Requirement: Repeat the following entries exactly, excluding pictures.

(Stored entries)
Content starts
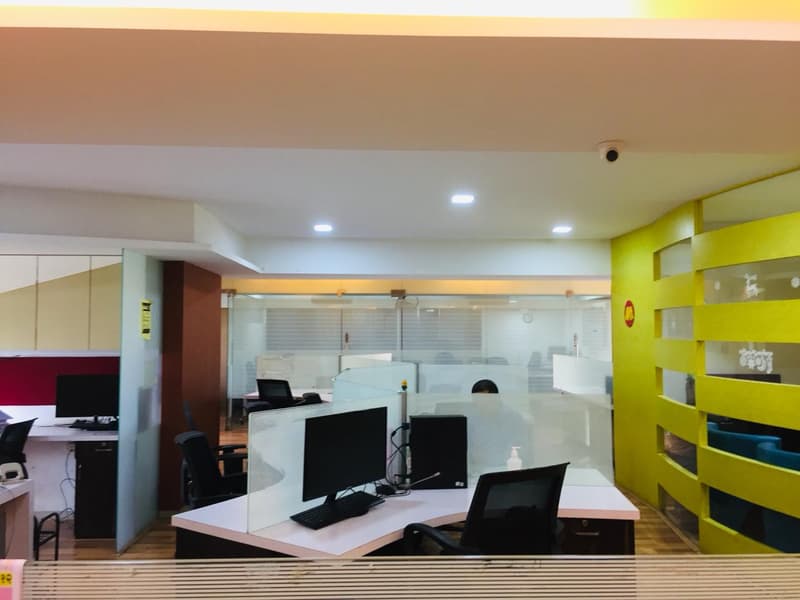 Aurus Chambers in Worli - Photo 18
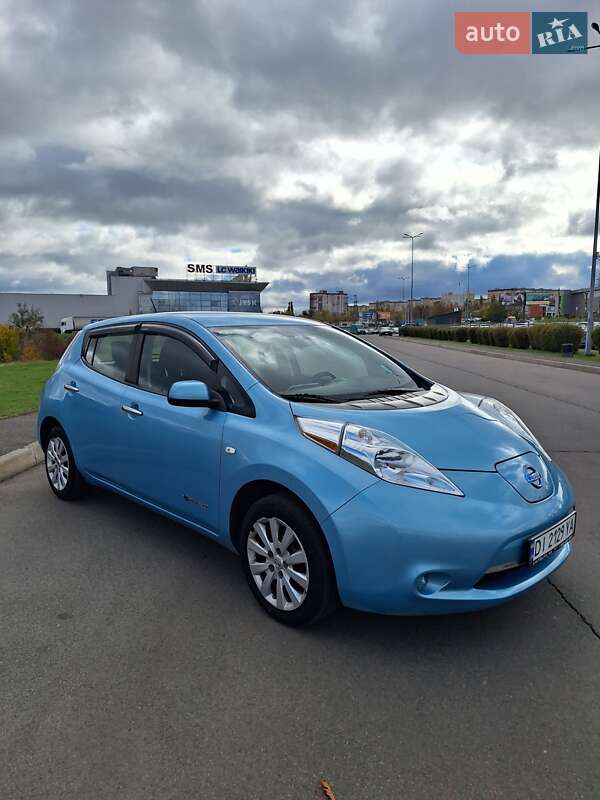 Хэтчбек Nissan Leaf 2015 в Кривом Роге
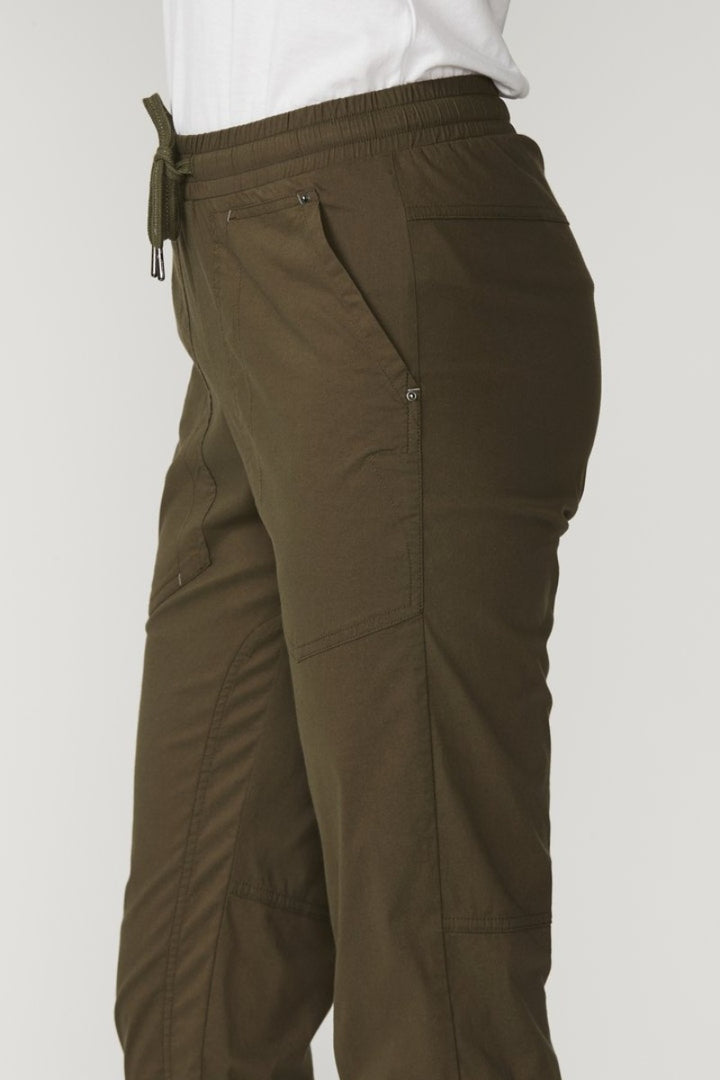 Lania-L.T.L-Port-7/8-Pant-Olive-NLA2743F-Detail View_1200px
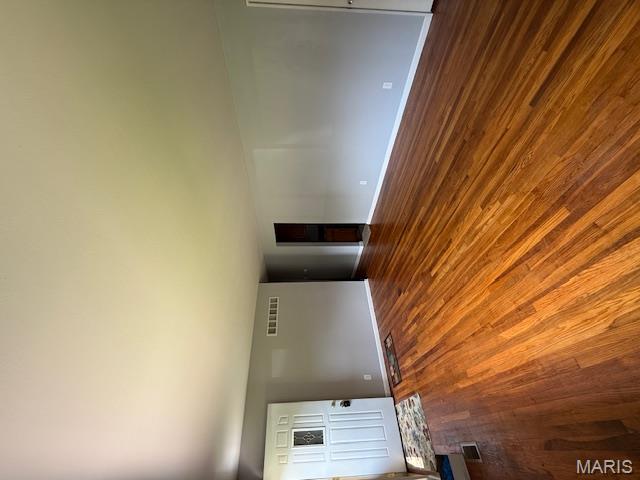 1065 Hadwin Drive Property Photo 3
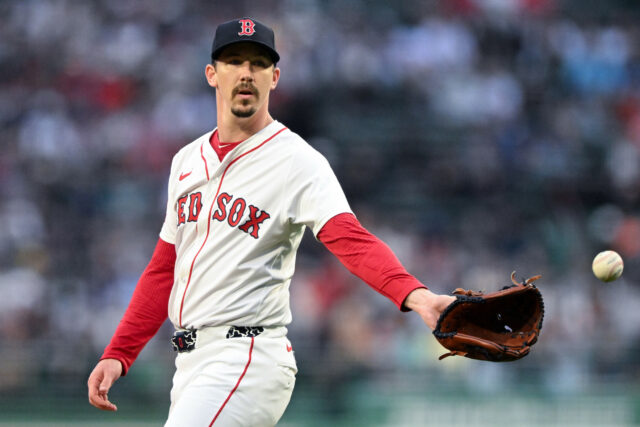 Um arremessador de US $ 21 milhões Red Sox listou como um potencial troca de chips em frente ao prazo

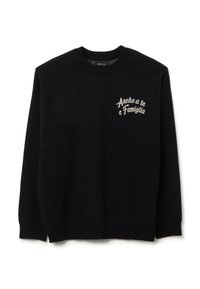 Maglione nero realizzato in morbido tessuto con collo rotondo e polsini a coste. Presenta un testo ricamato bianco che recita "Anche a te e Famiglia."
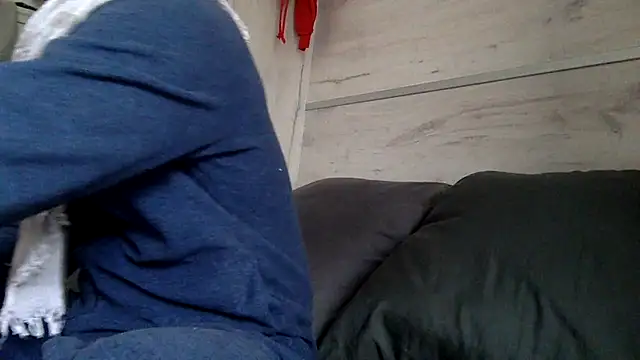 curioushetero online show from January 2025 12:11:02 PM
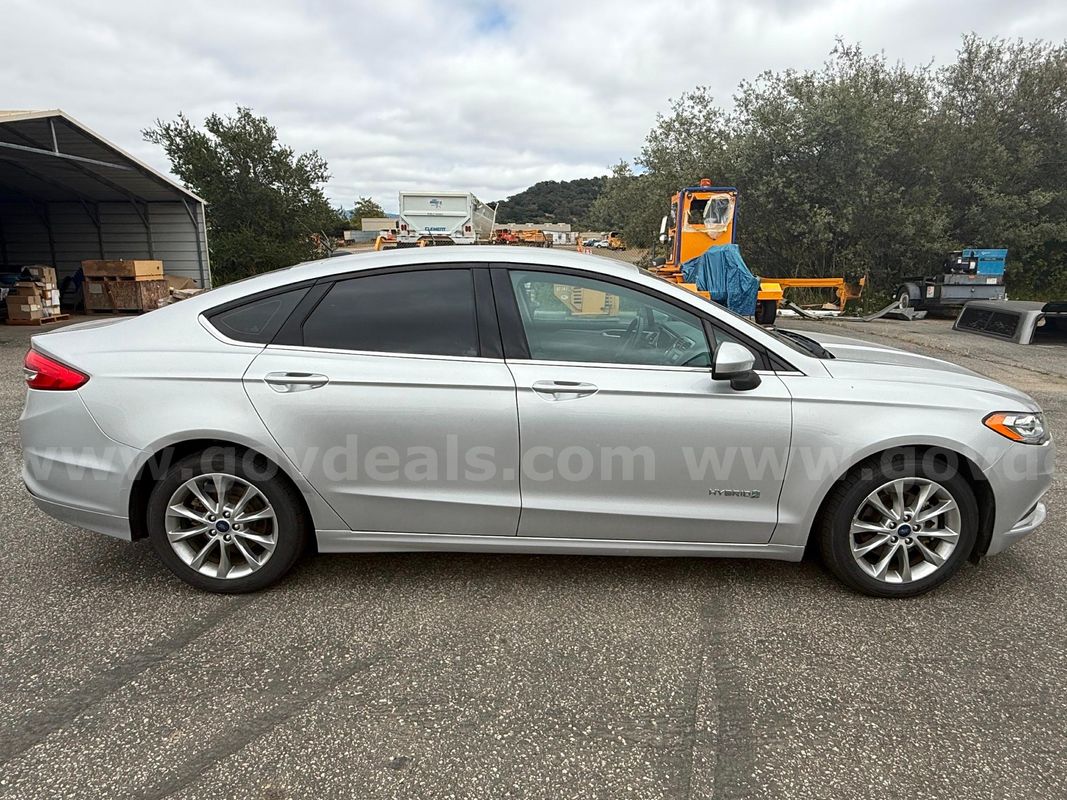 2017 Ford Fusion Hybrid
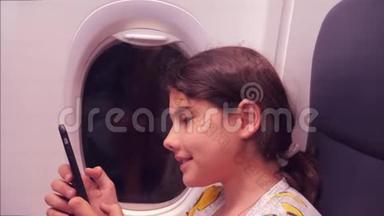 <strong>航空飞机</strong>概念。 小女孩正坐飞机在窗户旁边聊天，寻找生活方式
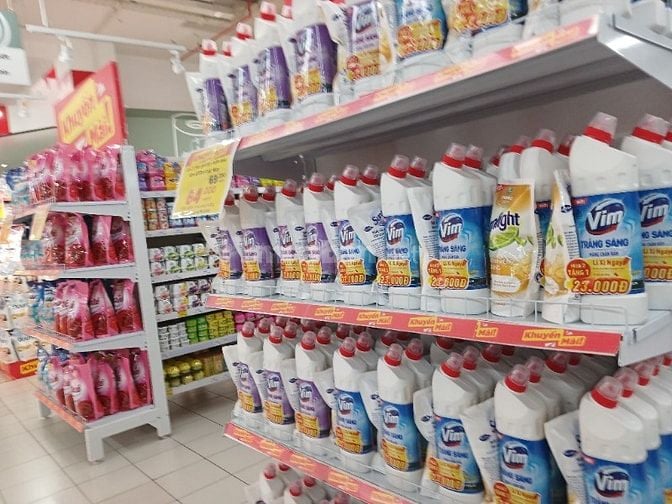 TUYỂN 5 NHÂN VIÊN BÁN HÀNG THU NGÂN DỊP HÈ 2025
Content ends
Task solution:
 Aurus Chambers in Worli - Photo 18
 Хэтчбек Nissan Leaf 2015 в Кривом Роге
 Lania-L.T.L-Port-7/8-Pant-Olive-NLA2743F-Detail View_1200px
 1065 Hadwin Drive Property Photo 3
 Um arremessador de US $ 21 milhões Red Sox listou como um potencial troca de chips em frente ao prazo

 Maglione nero realizzato in morbido tessuto con collo rotondo e polsini a coste. Presenta un testo ricamato bianco che recita "Anche a te e Famiglia."
 curioushetero online show from January 2025 12:11:02 PM
 2017 Ford Fusion Hybrid
 <strong>航空飞机</strong>概念。 小女孩正坐飞机在窗户旁边聊天，寻找生活方式
 TUYỂN 5 NHÂN VIÊN BÁN HÀNG THU NGÂN DỊP HÈ 2025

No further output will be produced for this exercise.